Return the lines of the material below exactly, beginning with the line that has "sürecinin kesintisiz devam" in it and finishing with the line that has "304 Hollingsworth Street, Elkton, MD" in it. Leave all pictures aside.

### GIVEN INFORMATION
******************************

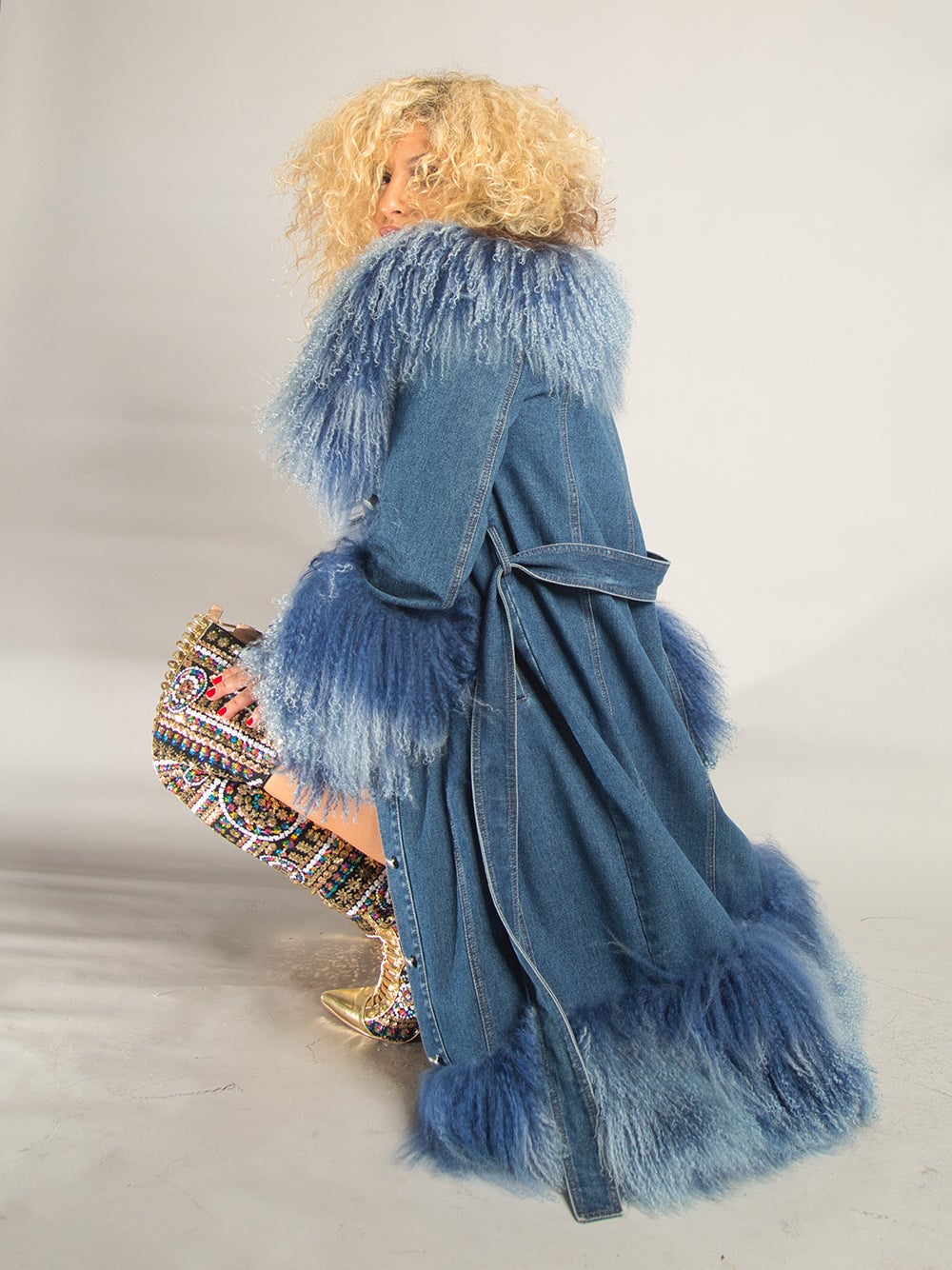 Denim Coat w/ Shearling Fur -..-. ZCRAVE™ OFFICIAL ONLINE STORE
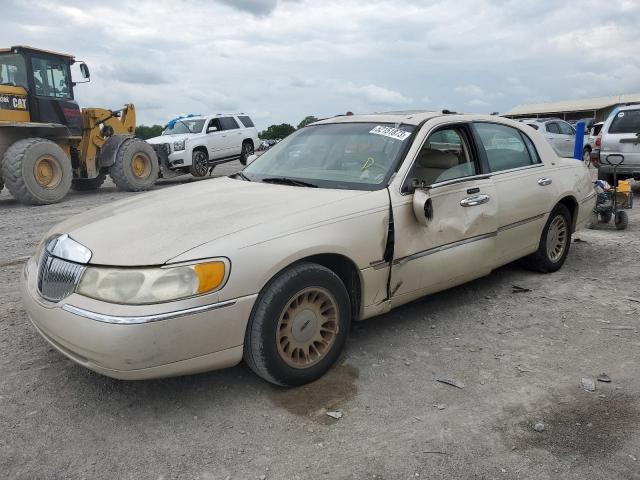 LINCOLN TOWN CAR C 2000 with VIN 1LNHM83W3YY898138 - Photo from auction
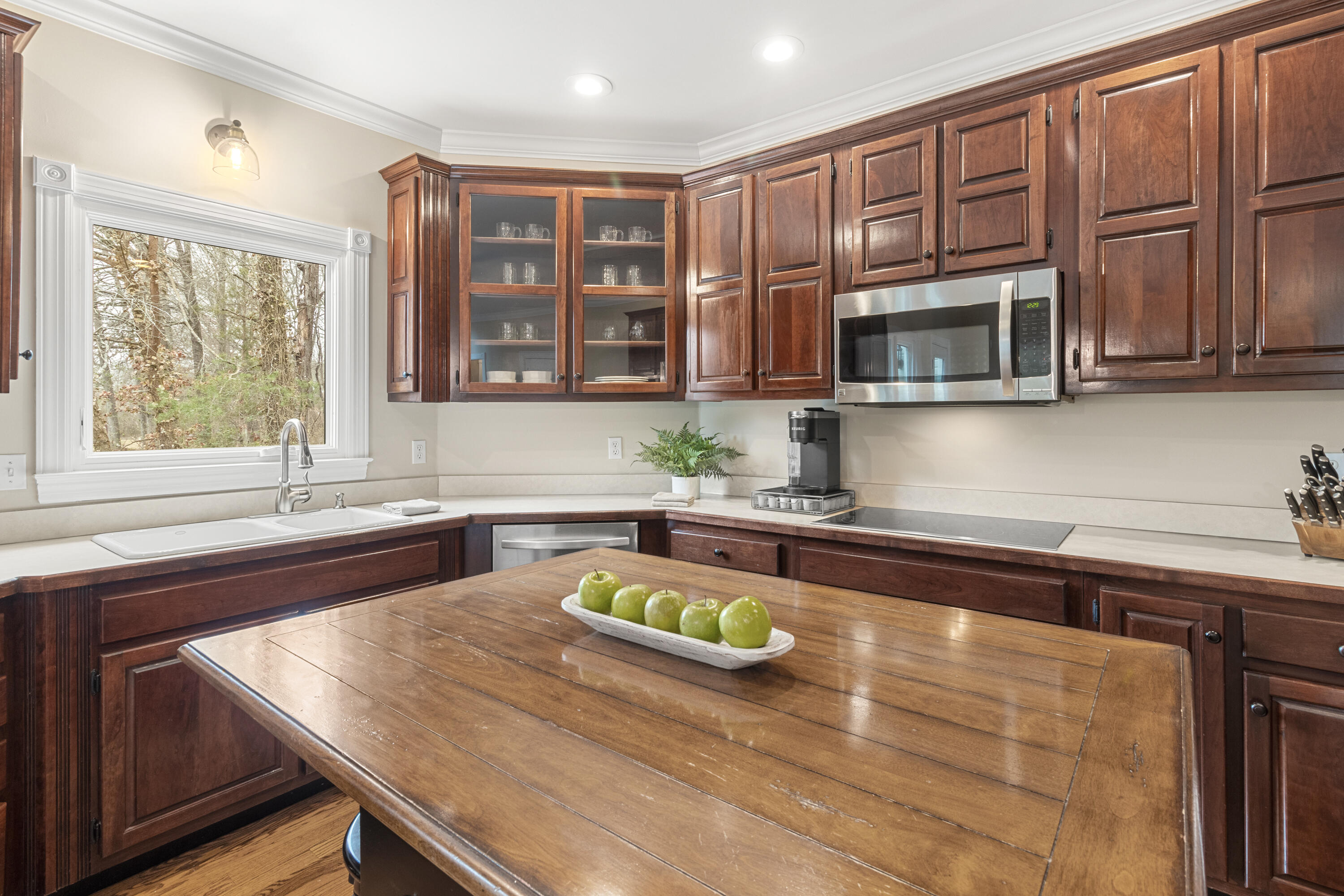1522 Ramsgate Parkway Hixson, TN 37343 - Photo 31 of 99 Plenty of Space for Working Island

******************************

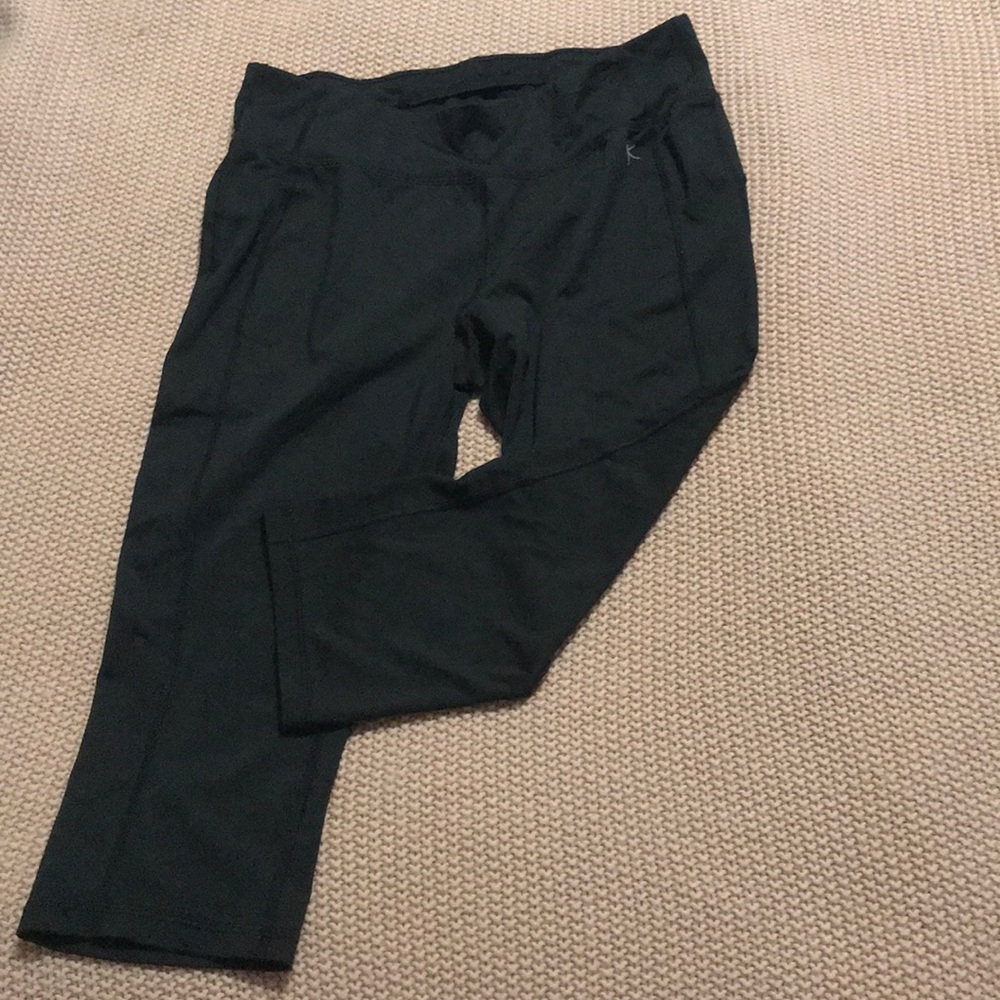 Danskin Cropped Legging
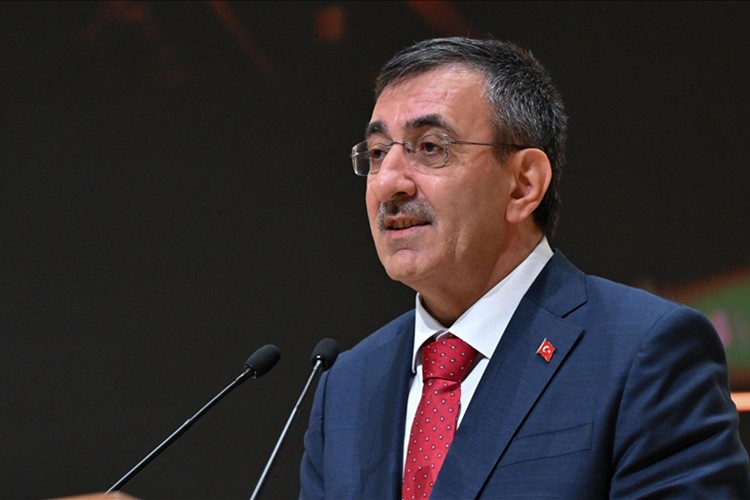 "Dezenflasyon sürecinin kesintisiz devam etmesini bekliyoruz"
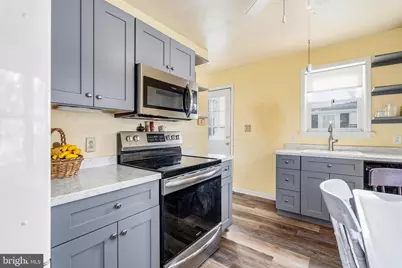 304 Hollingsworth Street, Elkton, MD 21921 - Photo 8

******************************

### RESPONSE TO THE EXERCISE
 "Dezenflasyon sürecinin kesintisiz devam etmesini bekliyoruz"
 304 Hollingsworth Street, Elkton, MD 21921 - Photo 8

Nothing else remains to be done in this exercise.